Our sales in the first four years were abysmal. Early innovators such as Landers and General Motors were, of course, heroes to our eyes, but they would buy small numbers of units and then test them in the field before they committed themselves later on. We had one customer in the utilities business that took them approximately six to seven years to make a decision to but the first one.

We never really sold any programmable controllers into the intended market which was machine tool control such as lathes, grinders and stuff, but we did, as luck would have it, stumble across the transfer line market which was and still is the mainstay, long-term market for the application of programmable controllers. Discreet parts manufacturing in an automatic environment, i.e., mass production, continues to be, and probably will be for the future, the mainstay of the programmable controller industry.

Some of the more interesting stories center around the personalities and experiences as opposed to the programmable controller. Modicon,s third president (or fourth, if you count my two-week stint) was Don Kramer. When Don Kramer was chosen as president, we decided to go out and celebrate at the Lanum Club in Andover. At the time, we felt we should celebrate over both martinis and food. As we were leaving the shop for the Lanum Club, Don made the aside comment that "the place is dingy and needs a paint job.
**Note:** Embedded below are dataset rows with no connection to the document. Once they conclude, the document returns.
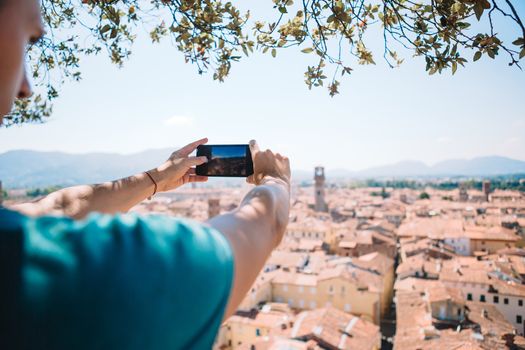 Young caucasian man making photo of european old city by mobile phone from the observation place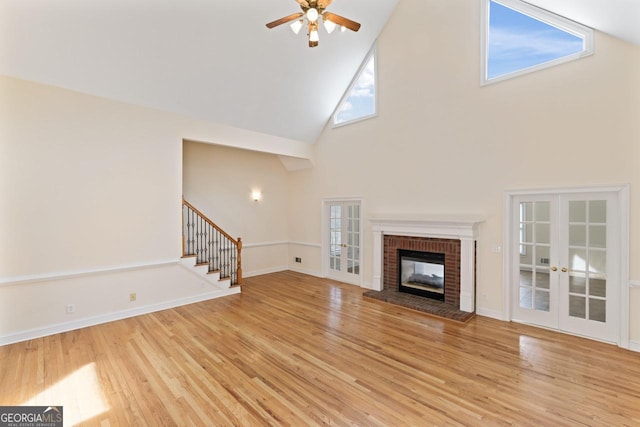 unfurnished living room with ceiling fan, a fireplace, light hardwood / wood-style floors, and french doors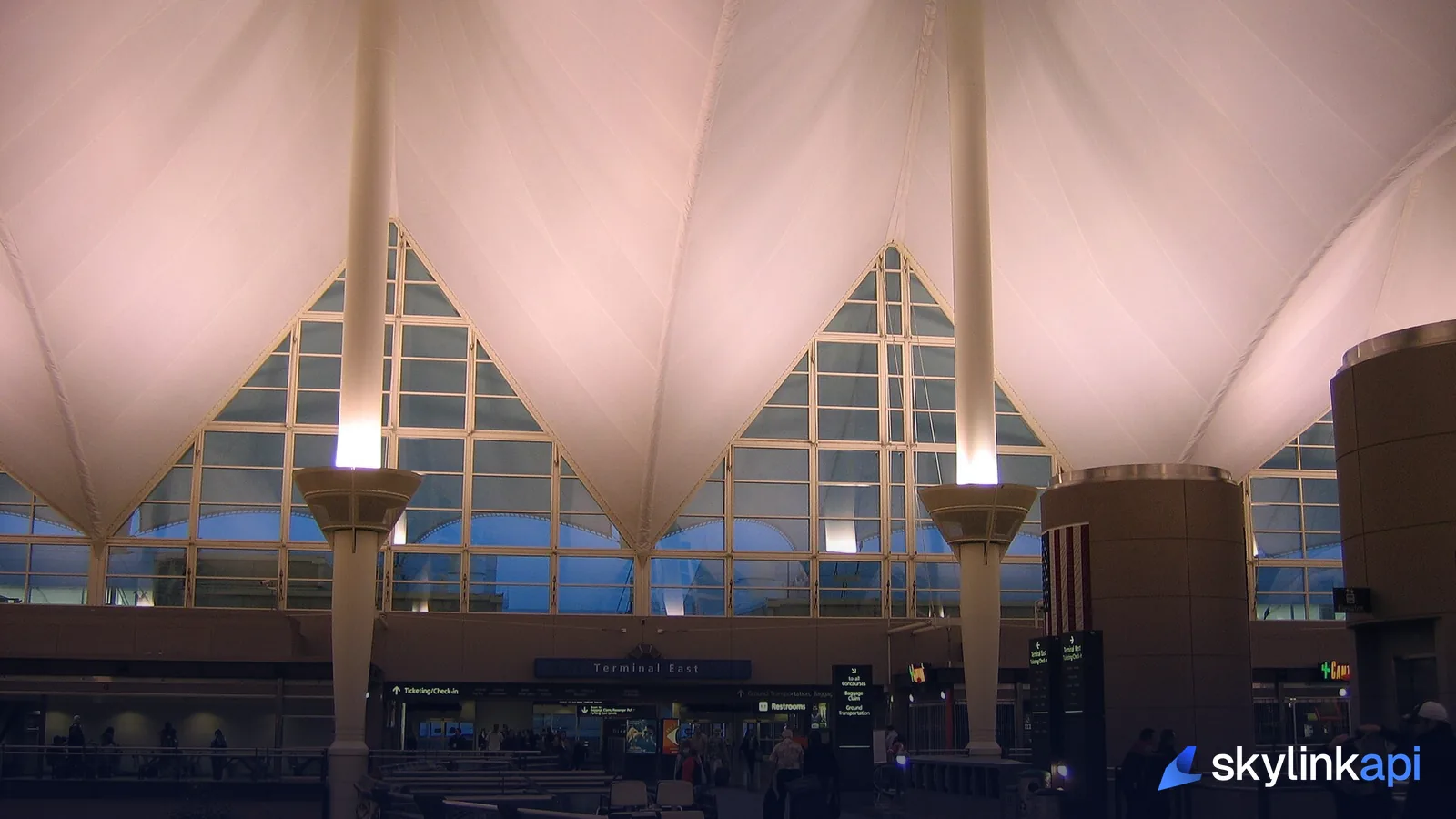 The tented roof of Denver International's main terminal, lit at dusk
As we were leaving, I mentioned to Don that as president you have to change what you say, and not be very open---you have to be a little careful about what you say because employees, customers, and boards of directors tend to take what you say as truth. Rather than listen to the meaning, they listen to the literal statements, and one must be careful. We went over to the Lanum Club and had a nice glowing two hours of discussion, food, and drink. Coming back, as we entered the Modicon lobby, we noticed that there was scaffolding about and people were painting. We went over and asked Lou as to why these people are painting since, at the time, we don,t have any money. Who ordered this paint job? And Lou looked Don Kramer straight in the eye, and said, "Why you did, Mr. Kramer. Nuff said.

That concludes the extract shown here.